When the city council approved a 2011 ballot initiative, Measure L, they paved the way for a greater percentage of city revenues to be dedicated to libraries. That decision provided the additional funding necessary to reopen the libraries that had been shuttered one day per week and rehire some of the 300 librarians that had been laid off.

However, that money had to come from somewhere, and now other programs throughout the city are absorbing the $50 million that the editorial writers say has been taken from Peter to pay for Paul’s libraries.

From the Daily News:

Los Angeles city libraries have reopened on Mondays, librarians are being hired back, and soon Sunday hours will be restored. All must be well with the treasury of the City of Angels, after several years of financial chaos, to enable this icon of the municipality to be fully funded once again.

That’s a nice narrative, but it’s not true. For one thing, not all of the 300 librarians cut from the cities libraries in the last two years have or will come back.
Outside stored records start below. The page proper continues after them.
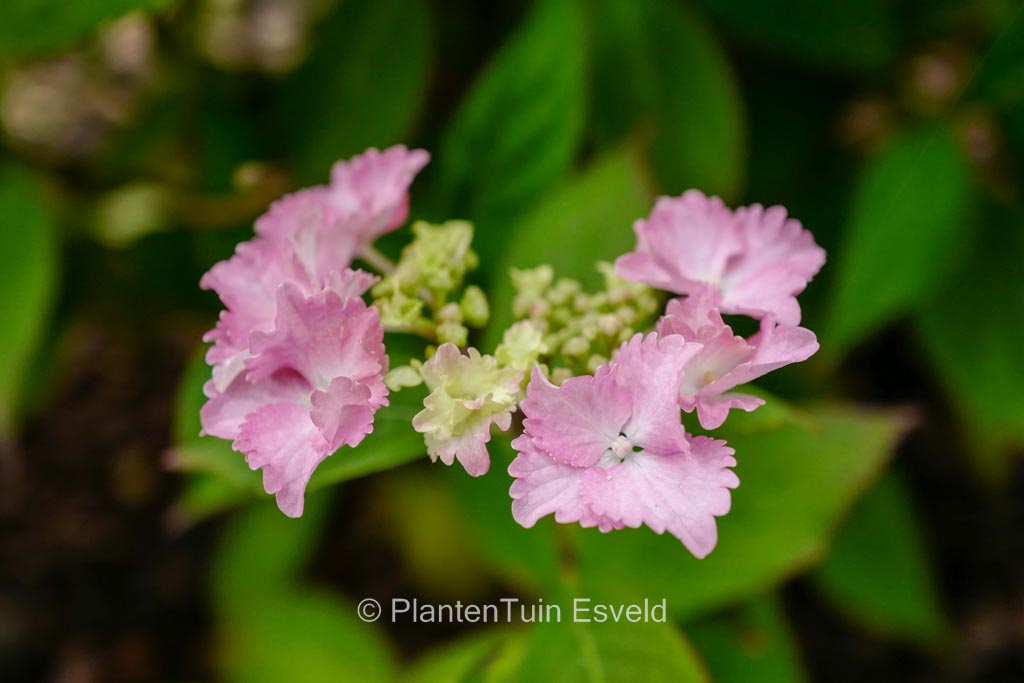 Hydrangea serrata ‘Cap Sizun’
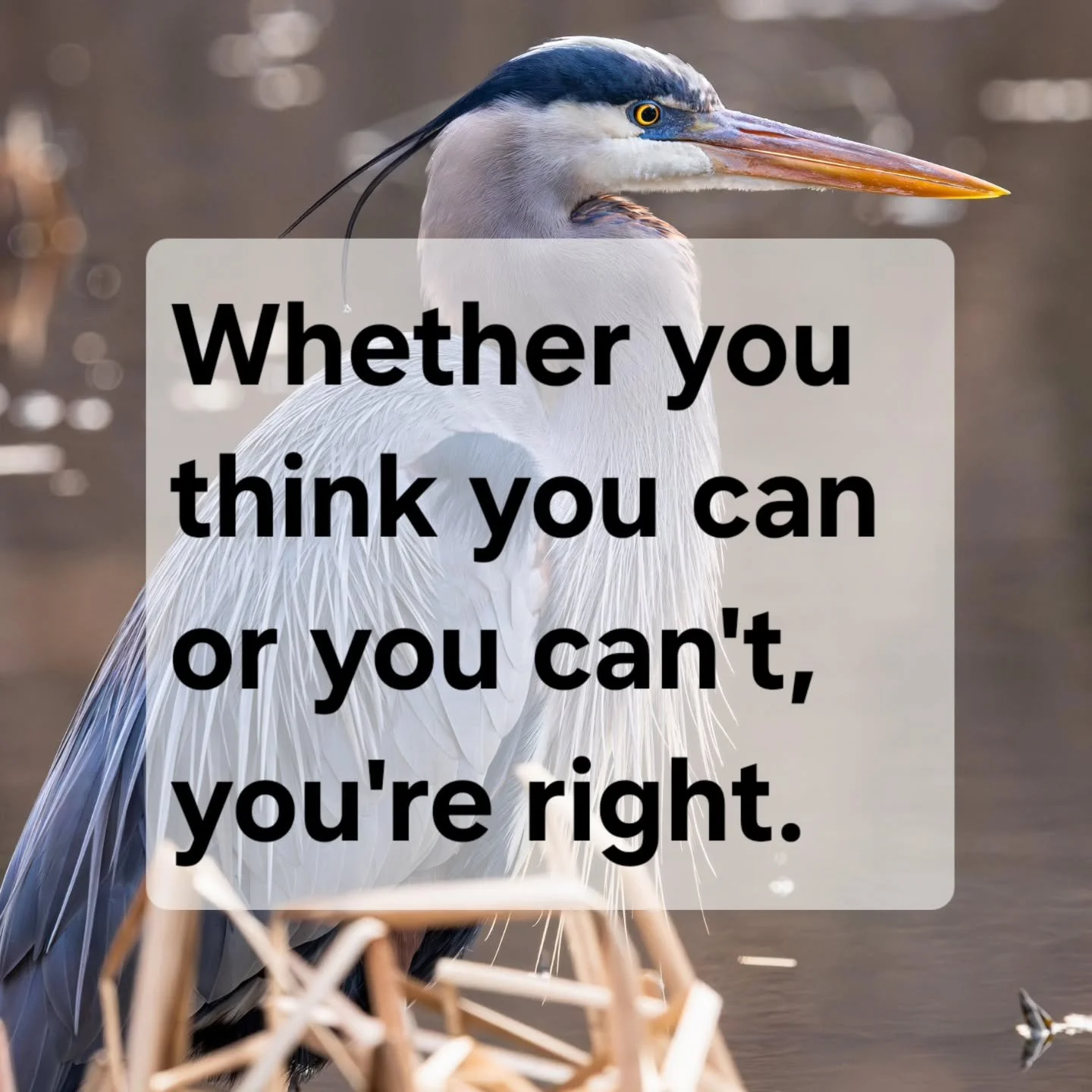 🦅 Most people don't stay stuck because they're incapable. They stay stuck because, at some point, the cage felt safer than the unknown outside of it.

🔒 Over time, habits become identity. Routines become rules. Limiting beliefs become unquestioned 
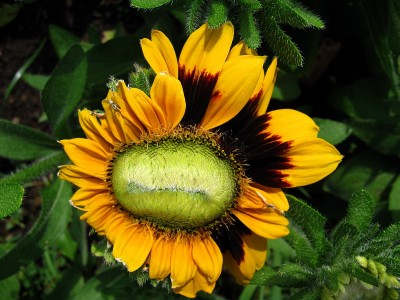 rudbeckia hirta4.jpg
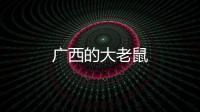 廣西的大老鼠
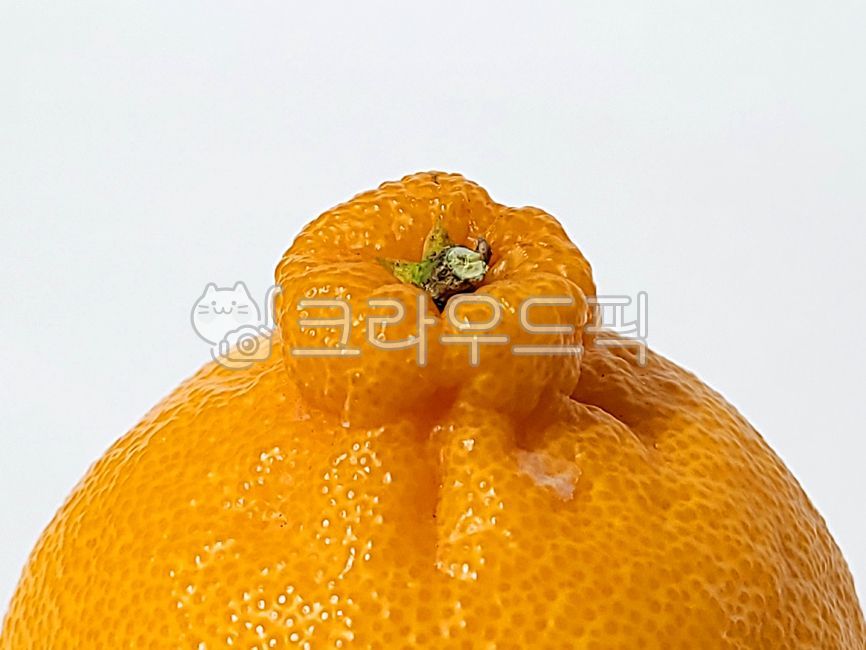 mandarin,citrus fruits,Jeju Hallabong,fruit,plant,Hallabong,food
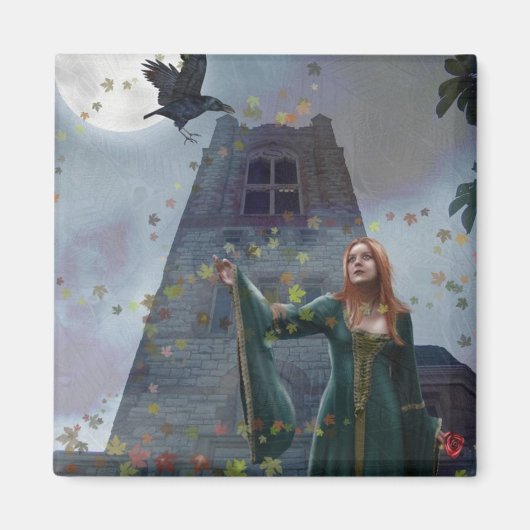 De raaf (magneet) magneet (Voorkant)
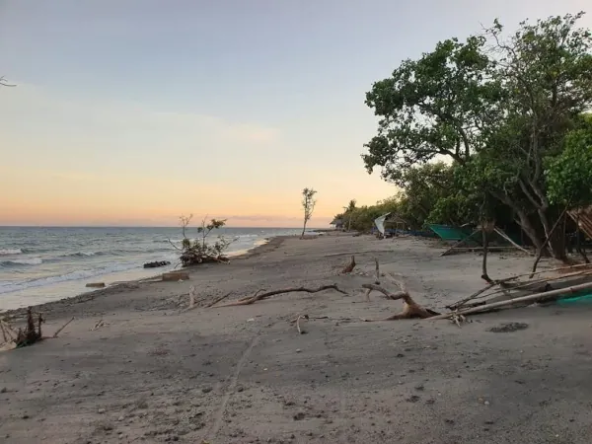 Beautiful Beach Lot for Sale - Zamboanguita, Near Dumaguete (BF-7000)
But, more importantly, the city’s perilous budget condition isn’t miraculously cured; the Monday hours simply reflect a rejiggering of funding priorities authorized by the majority of city voters who endorsed Measure L in March. It didn’t create any new funding source or savings; it asked voters to simply change the City Charter to guarantee the libraries a higher percentage of the city’s revenues each year than it had been receiving — from .0175 percent of the assessed value of all property in the city to .03 percent.